Muhamad Aqmal Hakeem bin Abdul Hamid (born 14 November 1990) is a Bruneian footballer who plays for Indera SC of the Brunei Super League as a midfielder or forward. He has won two league championships with Indera and previously QAF FC. He also made three appearances for the Brunei national football team in 2009.

Club career

Aqmal was one of the first students who enrolled for Brunei's Sports School when it first opened in 2003. He first played for AH United after he graduated. Then he joined defending league champions QAF FC for the 2009–10 Brunei Premier League, scoring three times and contributing to QAF's third straight league title. He joined Indera SC in 2011 and stayed there until early 2014, winning the inaugural Brunei Super League in the 2012–13 season.

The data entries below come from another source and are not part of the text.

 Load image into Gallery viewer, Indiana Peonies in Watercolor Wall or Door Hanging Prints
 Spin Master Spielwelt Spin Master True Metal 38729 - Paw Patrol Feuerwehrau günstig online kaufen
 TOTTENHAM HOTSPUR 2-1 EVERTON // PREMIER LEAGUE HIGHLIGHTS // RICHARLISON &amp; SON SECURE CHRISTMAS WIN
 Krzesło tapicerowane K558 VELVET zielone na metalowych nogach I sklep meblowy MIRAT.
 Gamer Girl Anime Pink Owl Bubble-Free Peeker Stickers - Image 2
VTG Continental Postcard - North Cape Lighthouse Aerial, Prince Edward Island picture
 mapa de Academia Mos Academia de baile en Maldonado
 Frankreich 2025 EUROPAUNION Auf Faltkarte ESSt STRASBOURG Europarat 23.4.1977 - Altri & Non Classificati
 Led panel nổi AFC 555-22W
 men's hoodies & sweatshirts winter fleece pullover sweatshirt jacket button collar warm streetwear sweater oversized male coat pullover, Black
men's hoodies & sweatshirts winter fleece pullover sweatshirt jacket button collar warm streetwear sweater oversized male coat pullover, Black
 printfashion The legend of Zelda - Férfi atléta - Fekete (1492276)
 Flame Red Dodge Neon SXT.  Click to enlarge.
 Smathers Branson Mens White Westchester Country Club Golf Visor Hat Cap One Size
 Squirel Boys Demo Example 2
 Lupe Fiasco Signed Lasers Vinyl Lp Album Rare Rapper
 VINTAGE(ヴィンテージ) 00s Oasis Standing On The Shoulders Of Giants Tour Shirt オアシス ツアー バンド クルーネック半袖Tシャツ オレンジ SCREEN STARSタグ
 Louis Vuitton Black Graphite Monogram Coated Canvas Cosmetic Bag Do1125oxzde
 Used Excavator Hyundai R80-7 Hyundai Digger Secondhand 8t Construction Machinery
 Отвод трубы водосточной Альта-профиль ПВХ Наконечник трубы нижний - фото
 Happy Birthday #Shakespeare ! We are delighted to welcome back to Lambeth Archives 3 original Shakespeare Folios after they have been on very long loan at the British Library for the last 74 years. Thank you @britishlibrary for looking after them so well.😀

After a four-year hiatus, Aqmal returned to the pitch for Indera at the start of the 2018 Brunei Super League.

International career

As a member of QAF FC, Aqmal had the opportunity to represent the Brunei national football team at the 2010 AFC Challenge Cup qualification matches held in Sri Lanka in April 2009. He played in all of the three matches against Sri Lanka, Pakistan and Chinese Taipei, losing each time.

Three years later, Aqmal was a squad member of the Brunei under-21 side that won the 2012 Hassanal Bolkiah Trophy, appearing once against Timor-Leste.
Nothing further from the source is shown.